==== Data for this exercise

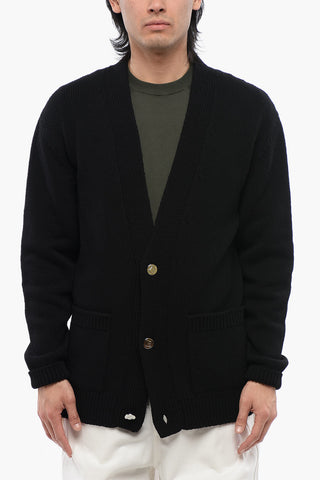 Wool Blend Cardigan with Jacquard Logo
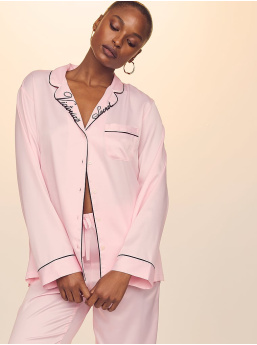 Glazed Satin Long Pajama Set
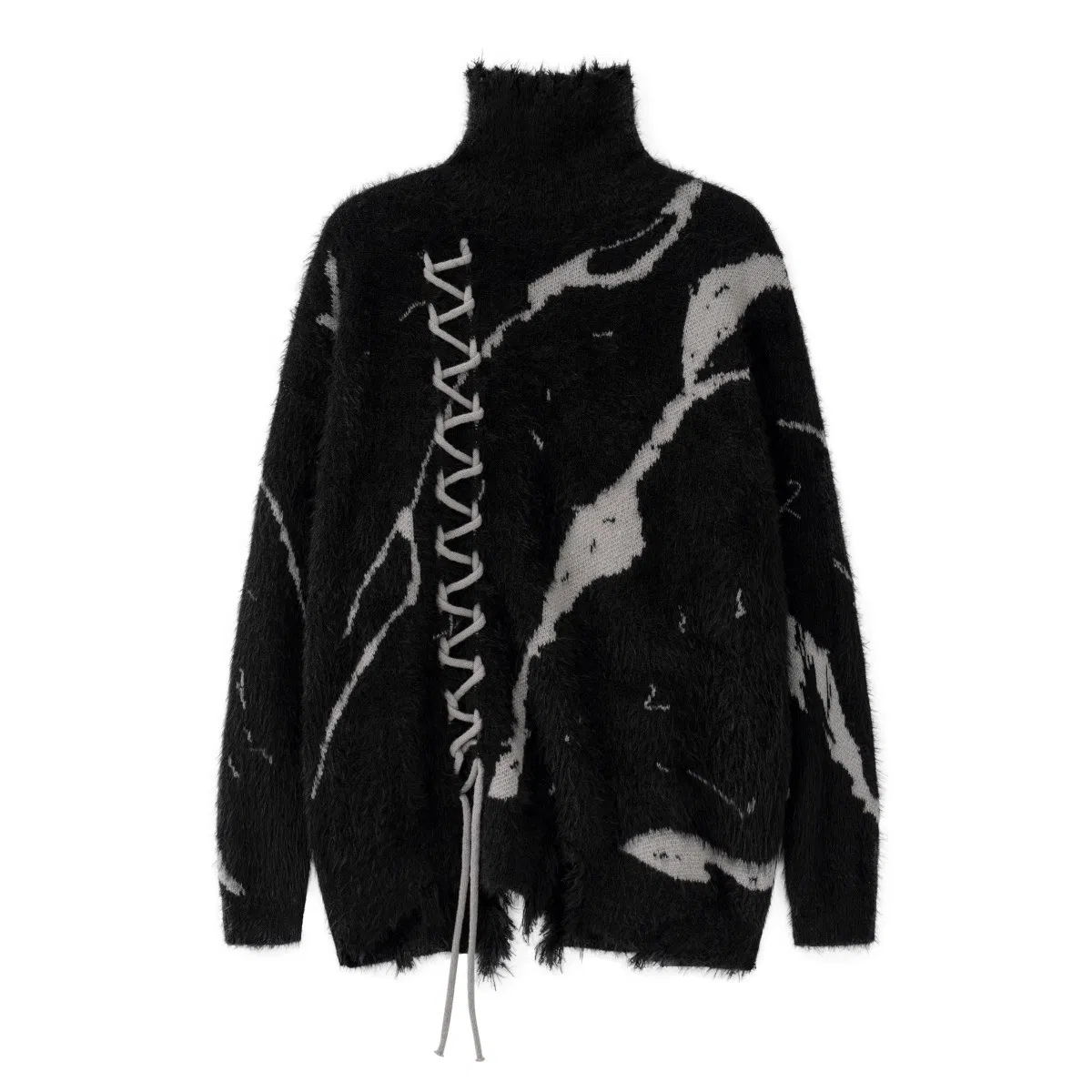 New Dark Contrasting Distressed Design with Jacquard Drawstring High Neck Sweater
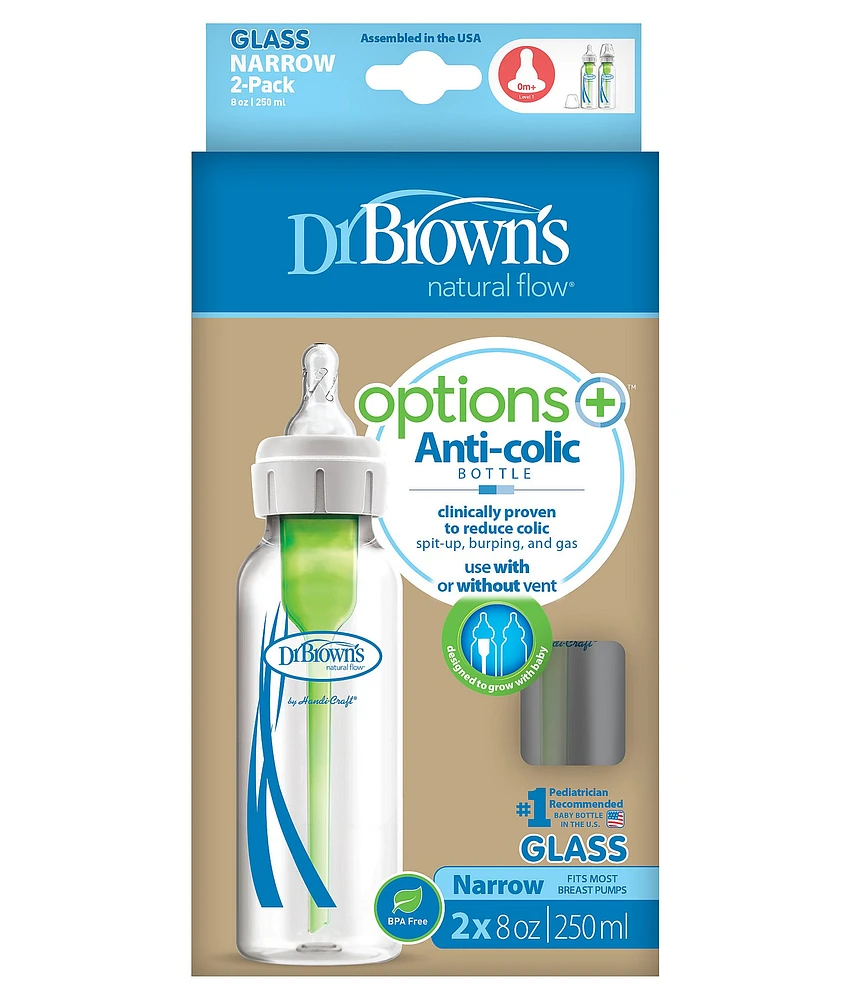 Dr. Brown's Options+™ Anti-colic Narrow 8oz Glass Baby Bottles 2-Pack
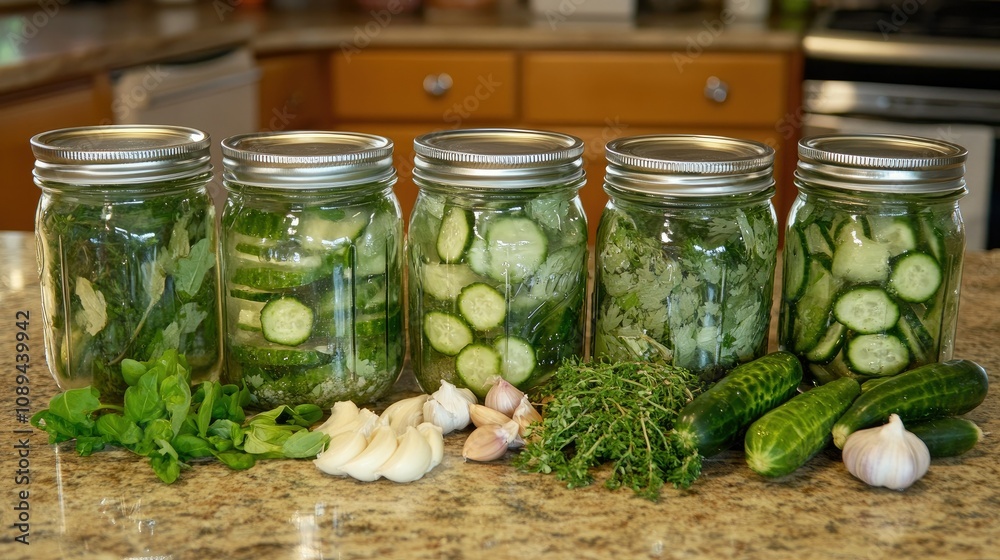 Jars filled with cucumbers, garlic, and herbs, arranged on a kitchen counter, with fresh ingredients scattered nearby Jars filled with cucumbers, garlic, and herbs, arranged on a kitchen counter, with fresh ingredients scattered nearby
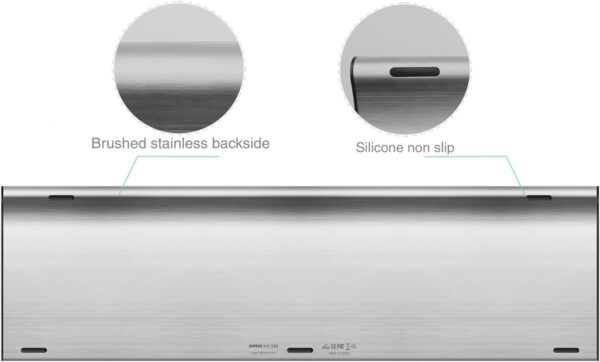 Arteck HB192 Universal Bluetooth Keyboard Multi-Device Stainless Steel Full Size Wireless Keyboard for Windows iOS Android Computer Desktop Laptop Surface Tablet Smartphone Rechargeable Battery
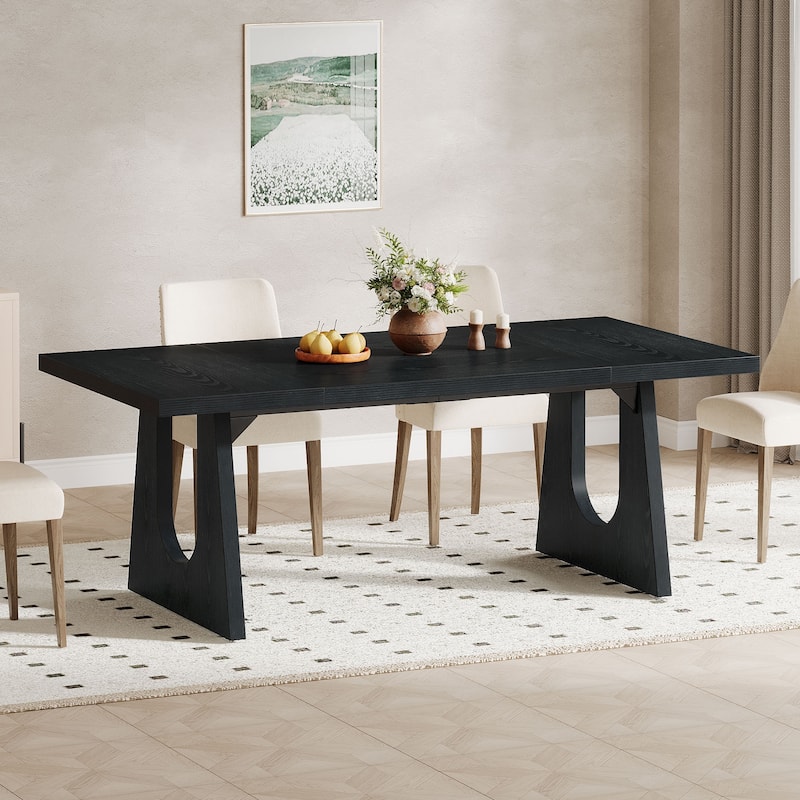 Oak Large Dining Table Wood Rectangular Kitchen Table for Dining Room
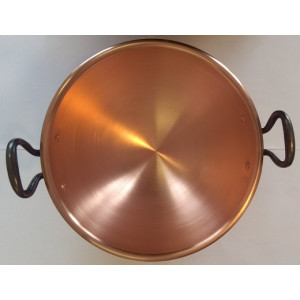 Schlagschüssel, Eiweißschüssel aus Kupfer Dickwandig  mit Gusseisen griffen Ø 26 cm 3 Liter
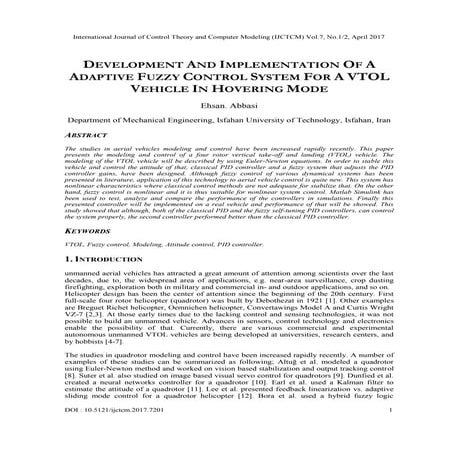 DEVELOPMENT AND IMPLEMENTATION OF A ADAPTIVE FUZZY CONTROL SYSTEM FOR A VTOL ...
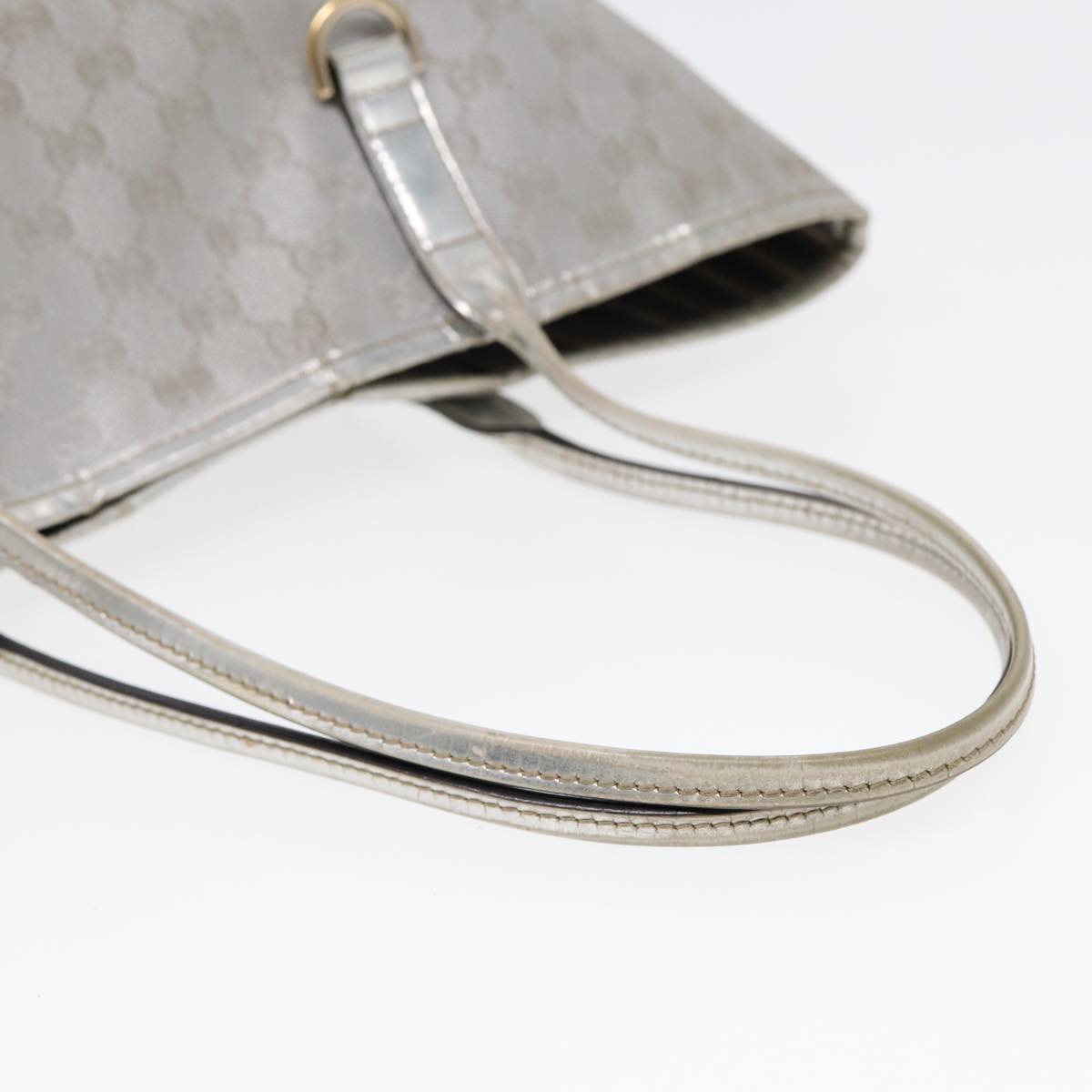 GUCCI GG Canvas Tote Bag Silver Auth 87799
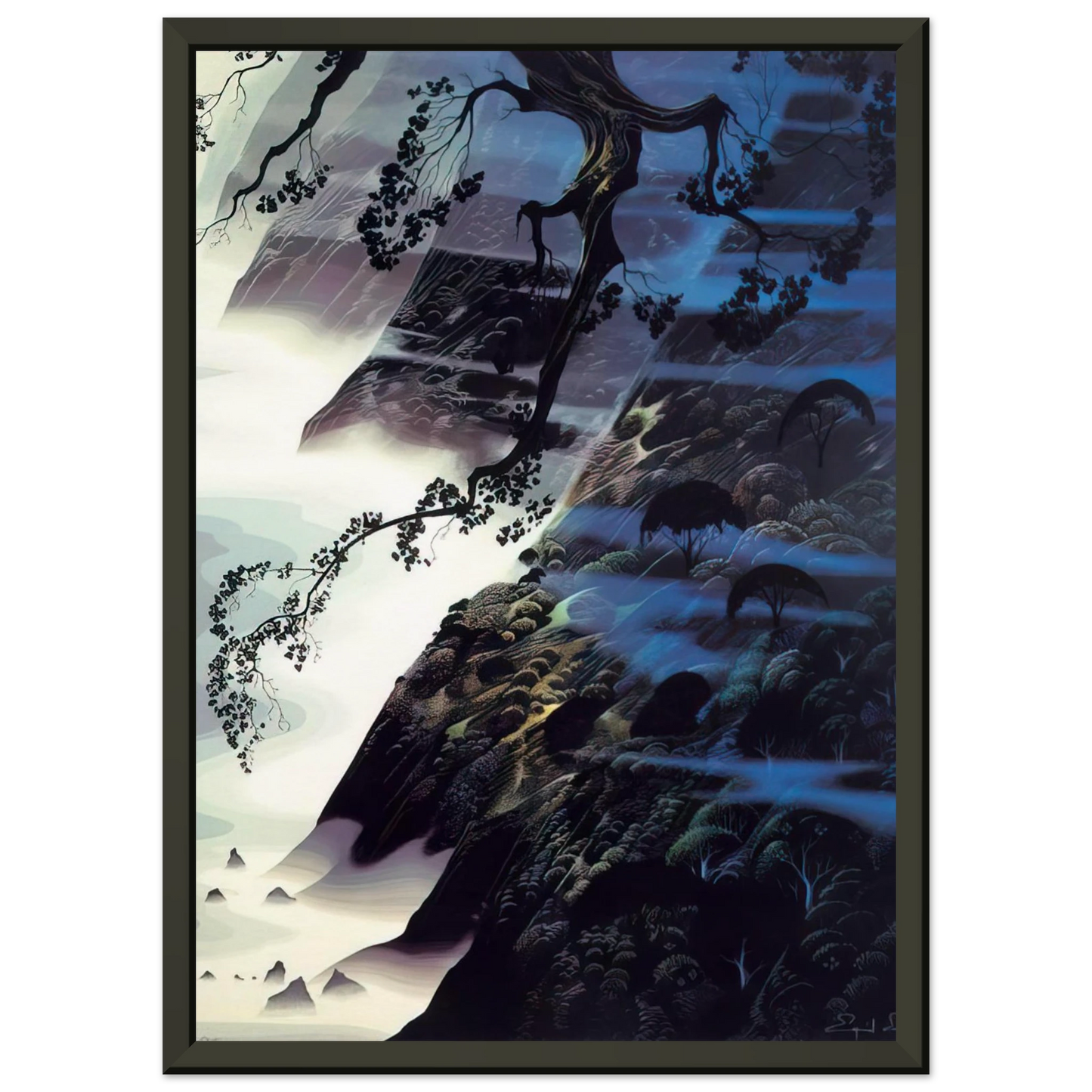 Eyvind Earle  Sea Wind and Fog Framed Art Print  - Aluminum Frame - 40x50 cm / 16x20 inches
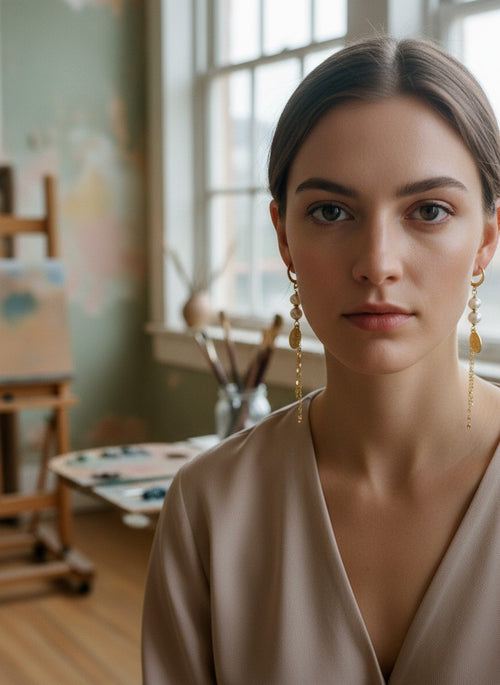 [AI-GEN] Handmade Medium Freshwater Pearl & Chain Fringe Earrings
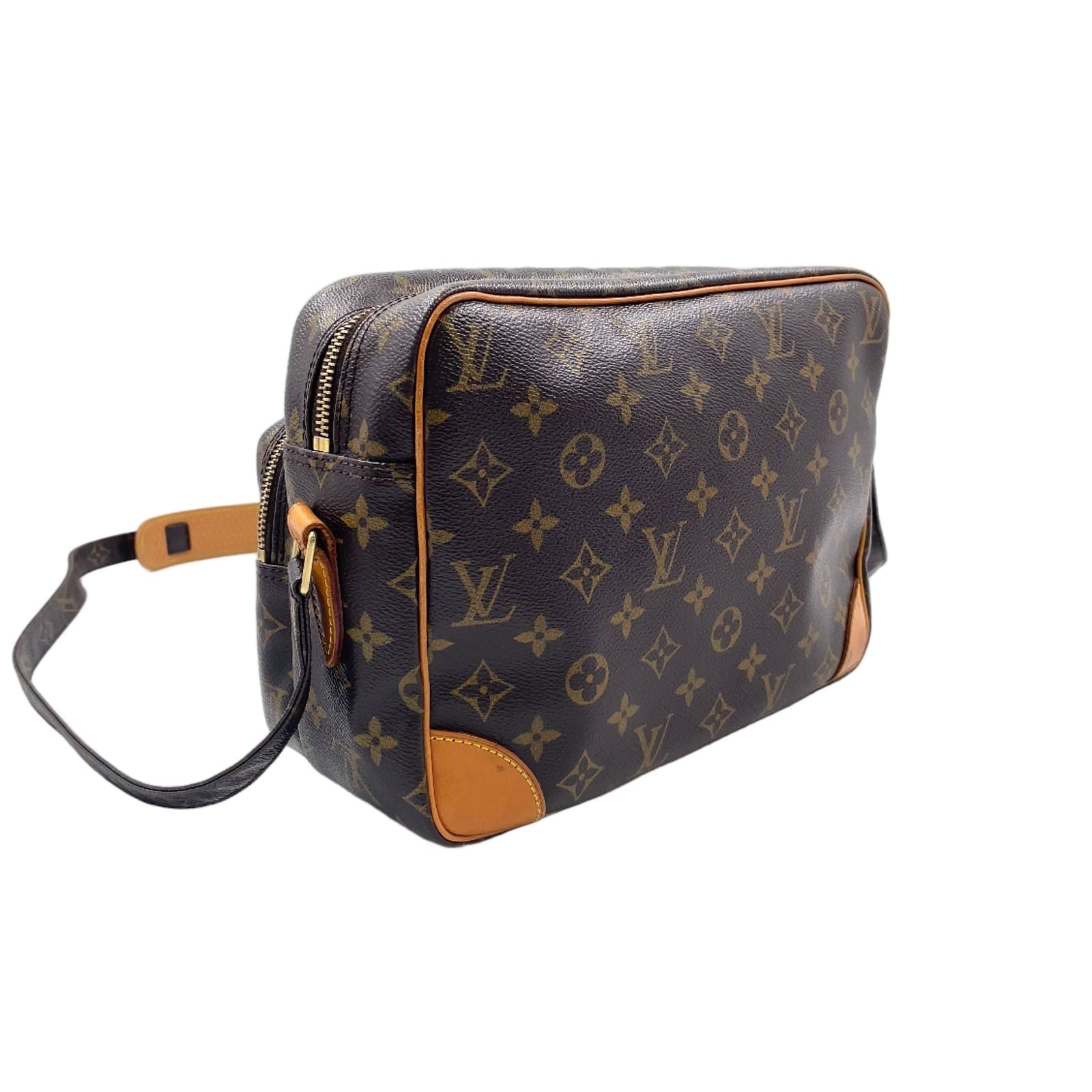 Louis Vuitton Monogram Leather Brown Light Shoulder Bag Gold — view 2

========

**Exercise prompt:** Word for word, restate the lines from the first line of the material through the line containing "Dr. Brown's Options+™", with the pictures left out.

**Result of the task:**
 Wool Blend Cardigan with Jacquard Logo
 Glazed Satin Long Pajama Set
 New Dark Contrasting Distressed Design with Jacquard Drawstring High Neck Sweater
 Dr. Brown's Options+™ Anti-colic Narrow 8oz Glass Baby Bottles 2-Pack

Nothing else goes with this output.